> **What needs to be done**
In the entries that follow, which lines hold the string "Best"? List them.

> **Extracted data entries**
────────────────────────────────────────
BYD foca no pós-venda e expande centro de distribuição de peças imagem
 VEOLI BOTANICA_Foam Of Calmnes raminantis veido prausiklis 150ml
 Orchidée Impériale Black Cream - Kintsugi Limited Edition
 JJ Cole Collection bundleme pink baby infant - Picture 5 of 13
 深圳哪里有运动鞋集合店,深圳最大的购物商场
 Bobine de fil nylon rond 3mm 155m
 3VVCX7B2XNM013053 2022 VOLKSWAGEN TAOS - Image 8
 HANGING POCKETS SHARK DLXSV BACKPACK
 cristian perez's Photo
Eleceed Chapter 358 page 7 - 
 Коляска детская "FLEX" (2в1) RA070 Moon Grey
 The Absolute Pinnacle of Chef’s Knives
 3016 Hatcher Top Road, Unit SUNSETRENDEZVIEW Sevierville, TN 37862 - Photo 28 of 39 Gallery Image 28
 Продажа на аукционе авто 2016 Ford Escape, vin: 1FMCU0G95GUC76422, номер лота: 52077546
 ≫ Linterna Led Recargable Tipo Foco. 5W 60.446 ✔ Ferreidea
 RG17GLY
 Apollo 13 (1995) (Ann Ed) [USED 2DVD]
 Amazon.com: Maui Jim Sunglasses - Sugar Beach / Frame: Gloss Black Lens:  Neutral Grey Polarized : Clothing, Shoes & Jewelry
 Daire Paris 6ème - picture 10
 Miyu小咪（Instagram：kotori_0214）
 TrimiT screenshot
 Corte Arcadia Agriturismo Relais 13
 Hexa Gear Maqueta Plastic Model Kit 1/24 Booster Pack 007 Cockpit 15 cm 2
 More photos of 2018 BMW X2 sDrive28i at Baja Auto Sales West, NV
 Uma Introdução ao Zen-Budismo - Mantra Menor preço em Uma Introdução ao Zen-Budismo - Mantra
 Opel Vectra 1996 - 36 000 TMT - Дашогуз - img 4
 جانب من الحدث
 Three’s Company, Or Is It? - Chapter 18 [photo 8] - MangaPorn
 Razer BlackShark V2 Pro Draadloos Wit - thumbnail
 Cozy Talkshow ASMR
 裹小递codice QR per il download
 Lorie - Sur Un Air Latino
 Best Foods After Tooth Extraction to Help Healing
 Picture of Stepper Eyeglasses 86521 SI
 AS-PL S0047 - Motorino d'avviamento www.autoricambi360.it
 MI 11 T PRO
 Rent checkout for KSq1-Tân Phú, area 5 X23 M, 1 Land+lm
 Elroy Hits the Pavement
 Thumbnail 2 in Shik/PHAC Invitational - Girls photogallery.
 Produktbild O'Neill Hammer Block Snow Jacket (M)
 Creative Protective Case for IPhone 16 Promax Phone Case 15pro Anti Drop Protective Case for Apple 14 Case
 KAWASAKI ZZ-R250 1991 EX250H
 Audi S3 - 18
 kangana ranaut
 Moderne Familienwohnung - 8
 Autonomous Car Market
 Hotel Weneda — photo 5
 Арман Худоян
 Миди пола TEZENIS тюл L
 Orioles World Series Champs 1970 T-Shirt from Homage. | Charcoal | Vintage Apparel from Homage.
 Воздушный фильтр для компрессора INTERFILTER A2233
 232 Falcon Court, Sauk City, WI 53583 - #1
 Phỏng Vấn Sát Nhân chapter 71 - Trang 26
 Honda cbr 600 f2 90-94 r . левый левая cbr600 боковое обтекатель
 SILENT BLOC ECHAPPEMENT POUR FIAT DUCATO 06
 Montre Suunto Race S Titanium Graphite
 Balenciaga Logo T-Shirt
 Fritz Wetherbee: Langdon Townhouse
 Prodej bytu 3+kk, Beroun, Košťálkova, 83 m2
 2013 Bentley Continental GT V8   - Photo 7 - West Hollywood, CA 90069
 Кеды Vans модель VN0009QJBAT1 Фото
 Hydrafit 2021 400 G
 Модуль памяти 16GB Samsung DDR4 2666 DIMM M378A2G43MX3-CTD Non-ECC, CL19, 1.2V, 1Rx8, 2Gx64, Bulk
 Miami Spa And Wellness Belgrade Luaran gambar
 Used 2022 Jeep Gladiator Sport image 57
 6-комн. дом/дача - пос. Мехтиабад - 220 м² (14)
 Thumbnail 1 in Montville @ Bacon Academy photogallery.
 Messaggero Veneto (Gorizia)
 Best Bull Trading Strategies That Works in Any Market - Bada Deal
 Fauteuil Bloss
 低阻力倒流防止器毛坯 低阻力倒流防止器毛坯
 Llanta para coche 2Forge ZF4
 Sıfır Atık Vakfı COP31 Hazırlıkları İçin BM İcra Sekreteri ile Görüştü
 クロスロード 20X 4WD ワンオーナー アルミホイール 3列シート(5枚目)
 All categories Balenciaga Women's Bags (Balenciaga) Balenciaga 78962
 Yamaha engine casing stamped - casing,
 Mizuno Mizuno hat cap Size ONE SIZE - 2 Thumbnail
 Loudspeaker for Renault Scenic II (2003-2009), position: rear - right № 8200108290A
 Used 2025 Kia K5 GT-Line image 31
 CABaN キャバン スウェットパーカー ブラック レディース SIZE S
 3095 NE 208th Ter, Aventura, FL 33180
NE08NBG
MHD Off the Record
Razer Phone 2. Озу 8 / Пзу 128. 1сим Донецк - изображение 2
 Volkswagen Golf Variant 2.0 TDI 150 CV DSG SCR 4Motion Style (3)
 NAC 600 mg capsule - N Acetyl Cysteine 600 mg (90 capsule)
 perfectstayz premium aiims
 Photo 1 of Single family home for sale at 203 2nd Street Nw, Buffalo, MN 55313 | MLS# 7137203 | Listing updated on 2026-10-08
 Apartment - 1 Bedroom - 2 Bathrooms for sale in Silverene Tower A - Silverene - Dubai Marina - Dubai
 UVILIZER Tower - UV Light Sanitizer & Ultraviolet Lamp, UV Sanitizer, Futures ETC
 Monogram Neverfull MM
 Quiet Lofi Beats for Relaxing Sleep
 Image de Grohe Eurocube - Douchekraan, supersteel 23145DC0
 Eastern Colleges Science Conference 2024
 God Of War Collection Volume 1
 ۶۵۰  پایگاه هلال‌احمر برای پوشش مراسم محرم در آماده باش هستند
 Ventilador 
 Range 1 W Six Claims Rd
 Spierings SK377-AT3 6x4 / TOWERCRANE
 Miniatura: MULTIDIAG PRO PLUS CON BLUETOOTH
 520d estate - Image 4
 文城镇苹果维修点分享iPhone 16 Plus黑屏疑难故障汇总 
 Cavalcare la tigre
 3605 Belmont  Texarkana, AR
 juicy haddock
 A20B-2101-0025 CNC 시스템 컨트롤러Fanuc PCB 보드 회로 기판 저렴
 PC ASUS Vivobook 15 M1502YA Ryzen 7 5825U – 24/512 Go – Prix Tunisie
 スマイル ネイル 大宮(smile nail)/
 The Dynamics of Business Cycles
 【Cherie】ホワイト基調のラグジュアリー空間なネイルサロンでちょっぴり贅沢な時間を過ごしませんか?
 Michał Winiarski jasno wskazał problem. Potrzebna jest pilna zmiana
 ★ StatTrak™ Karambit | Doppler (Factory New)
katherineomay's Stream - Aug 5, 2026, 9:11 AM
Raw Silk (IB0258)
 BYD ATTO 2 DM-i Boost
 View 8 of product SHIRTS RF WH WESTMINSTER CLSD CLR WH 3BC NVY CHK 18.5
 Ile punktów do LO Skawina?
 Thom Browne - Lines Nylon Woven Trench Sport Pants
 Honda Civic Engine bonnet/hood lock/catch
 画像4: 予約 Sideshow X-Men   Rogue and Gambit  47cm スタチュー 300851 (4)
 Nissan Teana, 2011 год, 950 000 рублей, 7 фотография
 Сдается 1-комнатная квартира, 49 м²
────────────────────────────────────────
> **Response to the task**
 Best Foods After Tooth Extraction to Help Healing
 Best Bull Trading Strategies That Works in Any Market - Bada Deal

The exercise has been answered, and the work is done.